Co prawda wskaźnik ten nie należy do grupy najważniejszym mierników koniunktury panującej w Stanach Zjednoczonych, jednak jego tak duży wzrost nadaje mu z pewnością znaczenia. Są to kolejne, po piątkowych, dane, które potwierdzają zmniejszanie się wpływu ostatnich zawirowań na rynkach finansowych na gospodarkę USA. Mimo wciąż utrzymujących się problemów sektora nieruchomości w tym kraju, inne dziedziny powracają do swego normalnego stanu. Fakt ten sprawia, że coraz mniej prawdopodobna staje się obniżka stóp procentowych w Stanach Zjednoczonych. Obecnie FED musi skupić się na walce z inflacją, która potęgowana jest przez wysokie ceny surowców. Podczas dzisiejszej sesji cena ropy w listopadowych kontraktach futures na giełdzie w Londynie pobiła kolejny historyczny rekord osiągając niemal 82 USD za baryłkę. Pretekstem do wywindowania wartości tego surowca stały się doniesienia na temat napięć na granicy turecko-irackiej, które mogą zakłócić dostawy z Iraku, przez co podaż ropy w perspektywie zbliżającej się zimy może okazać się niewystarczająca.
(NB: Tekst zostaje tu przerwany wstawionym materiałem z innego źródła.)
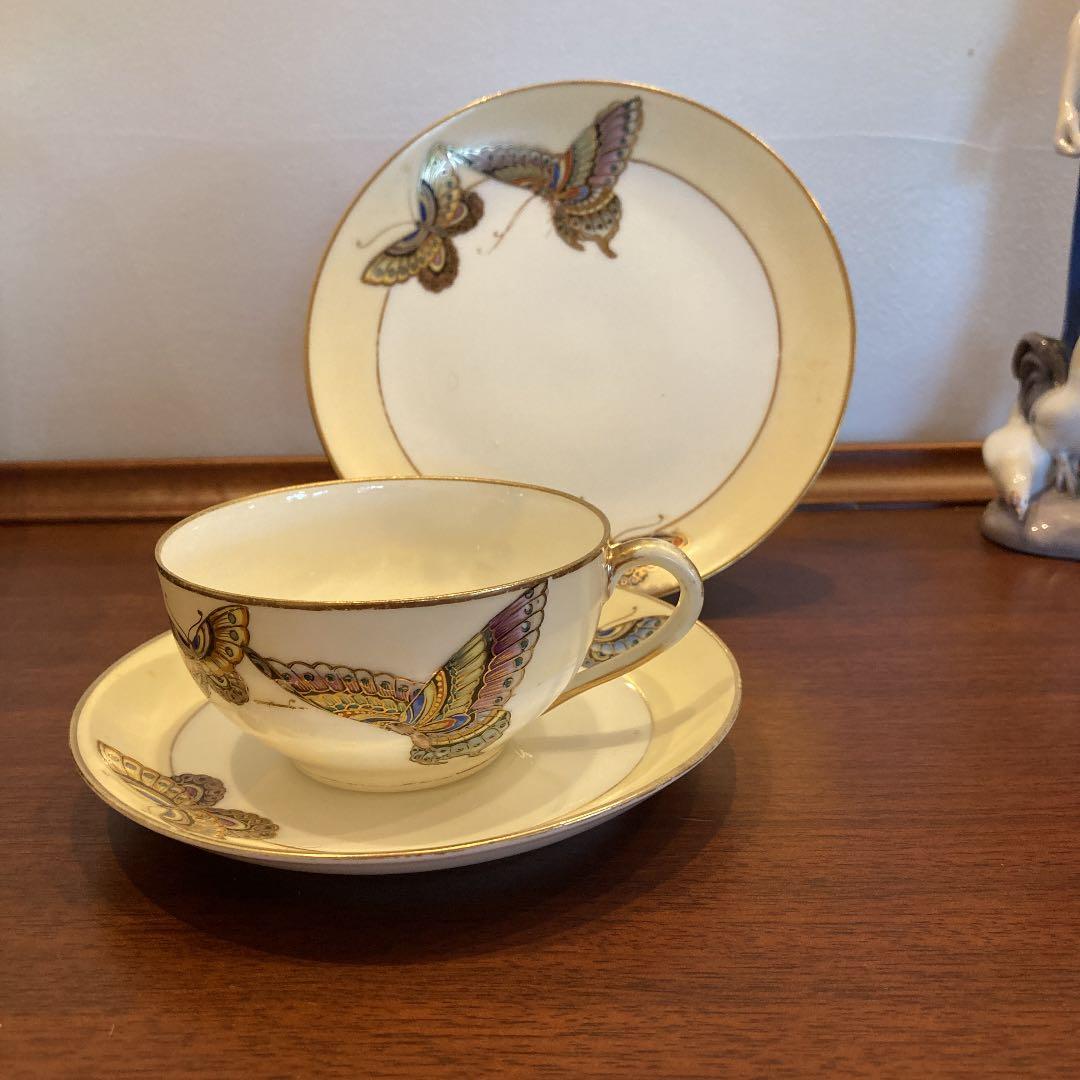 オールドノリタケ　蝶トリオ　カップ&ソーサー&ケーキ皿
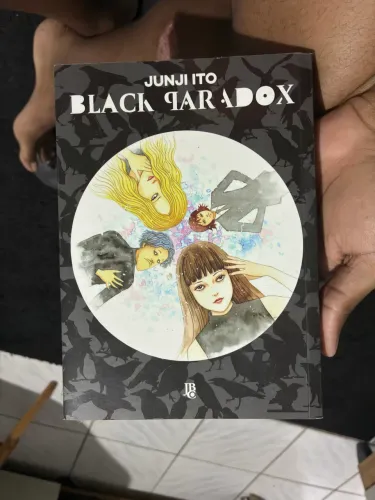 Junji ito - Black Paradox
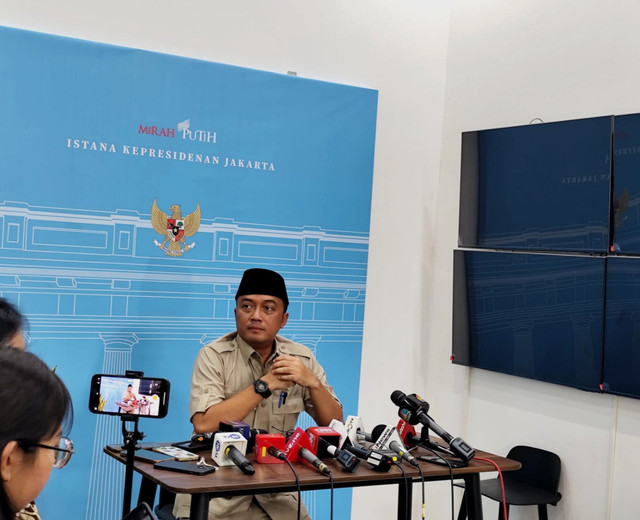 Menteri Sekretaris Negara (Mensesneg) Prasetyo Hadi berada di ruang wartawan Istana Negara, Jakarta, Jumat (19/9/2025). Foto: Luthfi Humam/kumparan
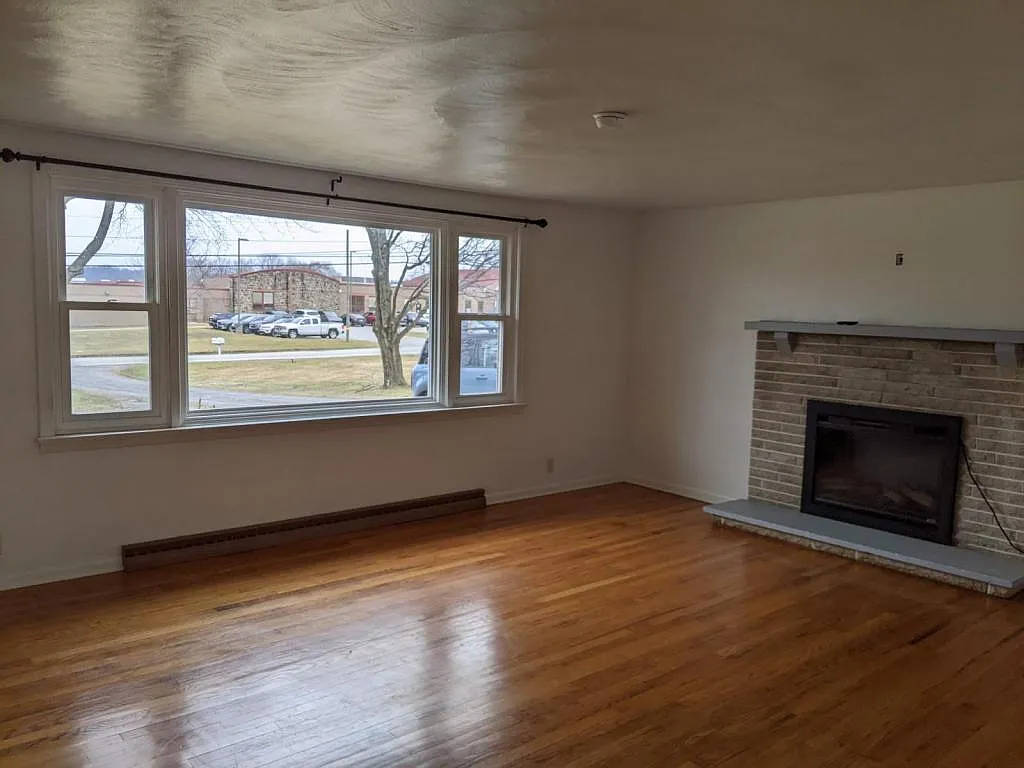 513 Sarver Rd — Photo 3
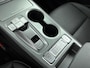 Hyundai Kona Electric EV LIMITED 64 kWh | LEDER | DODEHOEK DETECTIE | PDC | 3 FASEN | WARMTEPOMP | CAMERA | CLIMA | CRUISE ADAPT. | NAVI | PRIVACY GLASS | DAKRAILING | APPLE CAR PLAY & ADROID AUTO |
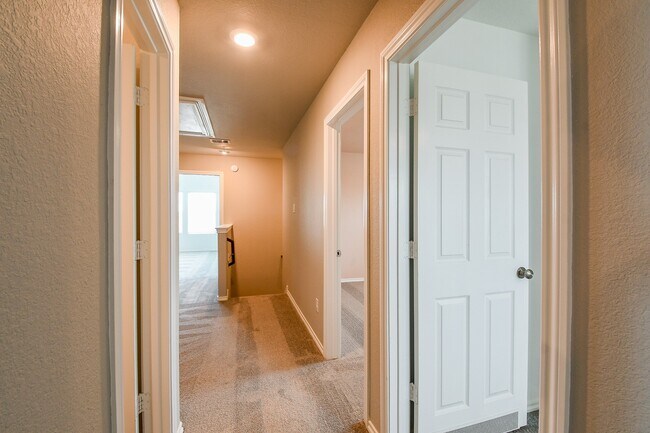 Building Photo - 11072 N Lake Mist Ln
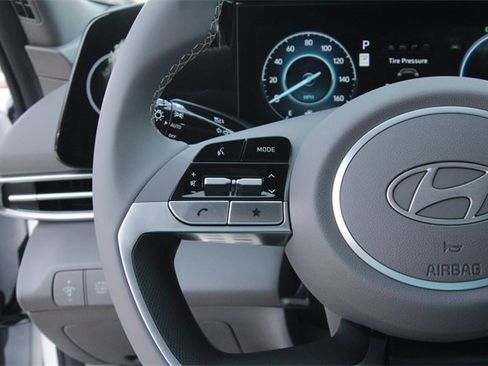 Certified 2025 Hyundai Elantra SEL image 16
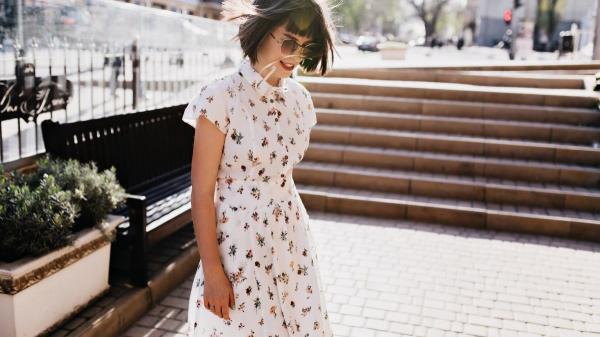 Delicate and classy. Sale dress from HM is perfect for summer. Bargains also in Sinsay, Reserved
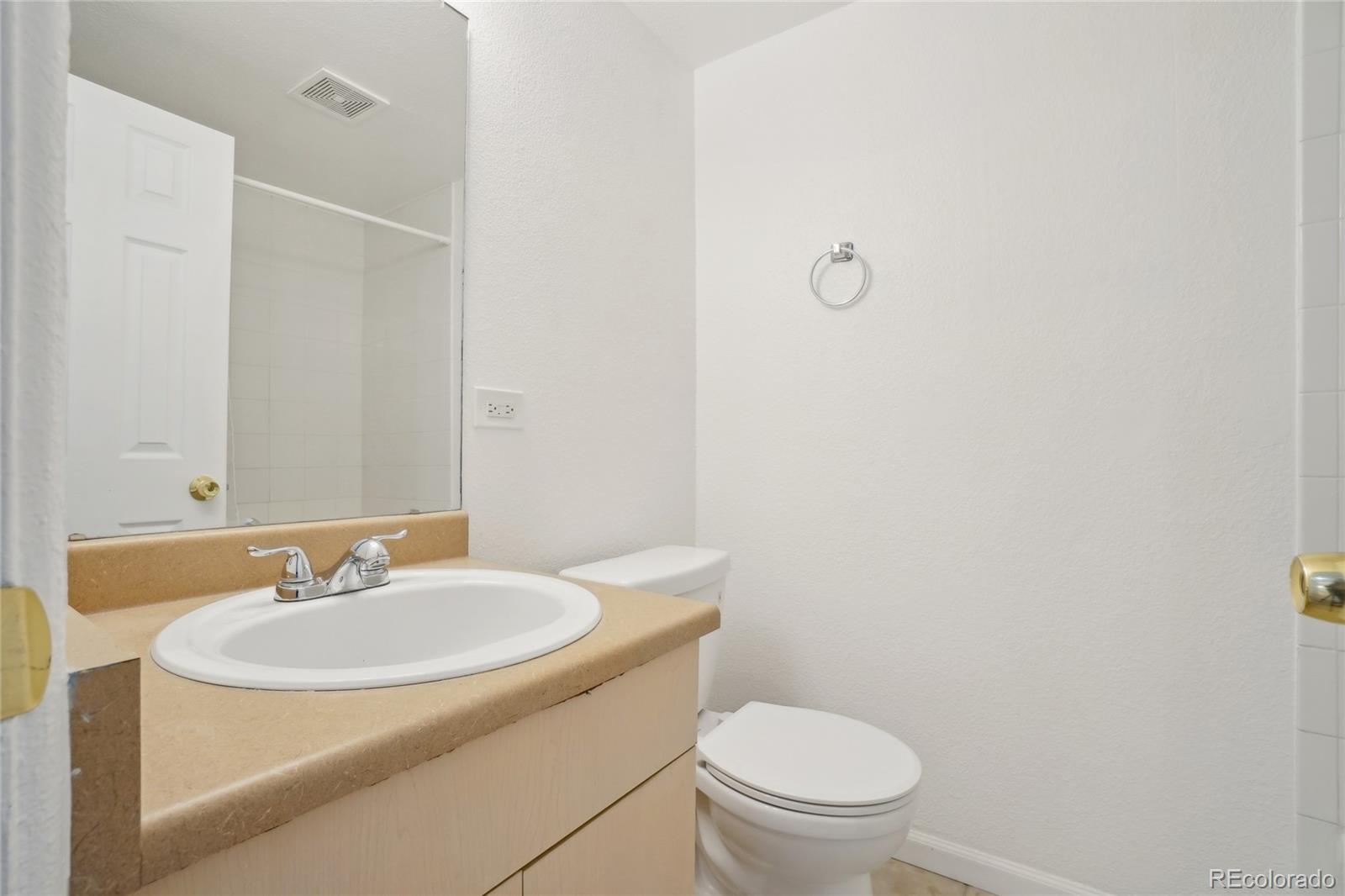 MLS Image #13 for 250 n pearl street,denver, Colorado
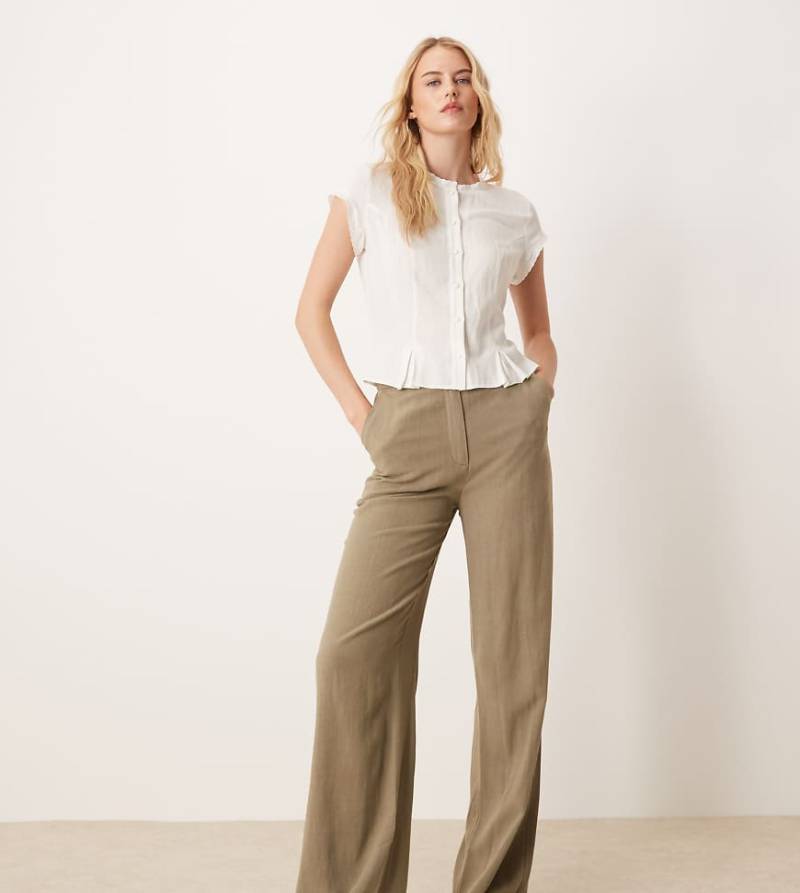 ASOS DESIGN Tall - Hose in Khaki mit Leinenanteil und lockerem, geradem Schnitt-Grün von ASOS Tall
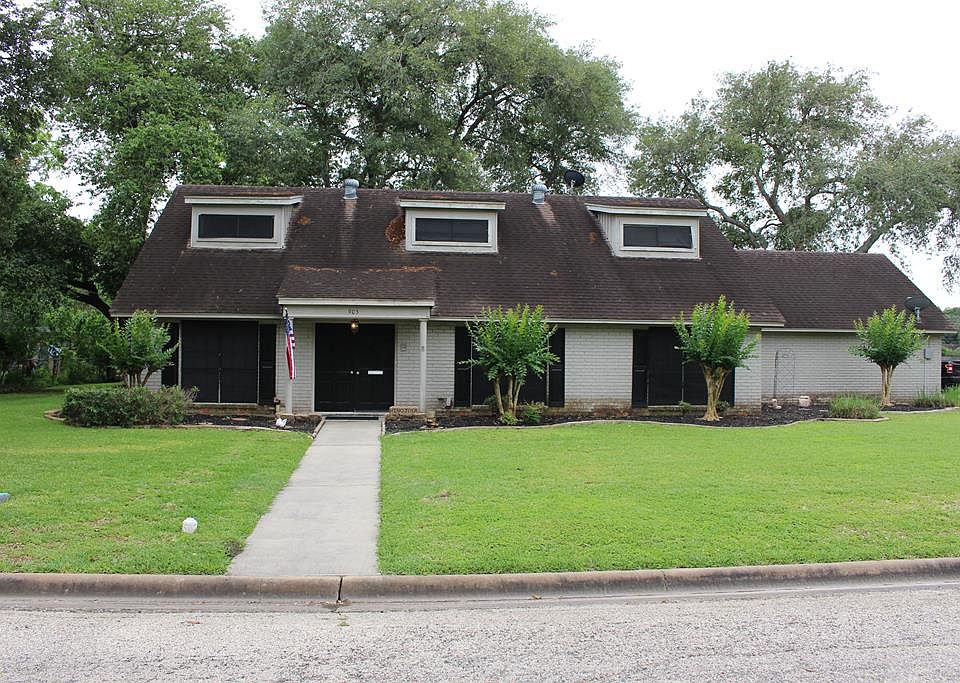 905 Center St, El Campo, TX 77437 Zillow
Możliwy wzrost presji inflacyjnej w Stanach Zjednoczonych nie powoduje jednak silnej aprecjacji amerykańskiego dolara. Obecnie za euro płaci się 1,4220. Po przebiciu poziomu 1,4240 w dalszym ciągu możliwy jest atak na historyczne szczyty.
Z Polski poznaliśmy dzisiaj istotne dane dotyczące inflacji konsumenckiej (CPI) i dynamiki płac z września oraz deficytu obrotów bieżących z sierpnia. Wzrost cen okazał się wyższy od oczekiwań i wyniósł 2,3% r/r, przy wyniku z sierpnia na poziomie 1,5% r/r. Wynagrodzenia wzrosły we wrześniu o 9,5% r/r, co jest dynamiką niższą zarówno od prognoz jak i sierpniowych wskazań. Mimo to, dane te świadczą o narastaniu presji inflacyjnej w naszym kraju, wobec czego nieco bardziej prawdopodobna stała się podwyżka stóp procentowych jeszcze w tym roku. Pozytywnie zaskoczyła wielkość deficytu obrotów bieżących. Zmniejszyła się ona z 1,3 mld w lipcu do 0,637 mld w sierpniu, pomimo tego, że aprecjacja polskiej waluty zmniejsza konkurencyjność cenową rodzimych towarów zagranicą.
Opublikowane dziś dane wpłynęły na umocnienie złotego. Kursy USD/PLN oraz EUR/PLN zbliżyły się do psychologicznych barier odpowiednio 2,60 oraz 3,70. Obecnie za dolara płaci się 2,6050 zł natomiast za euro 3,7080 zł.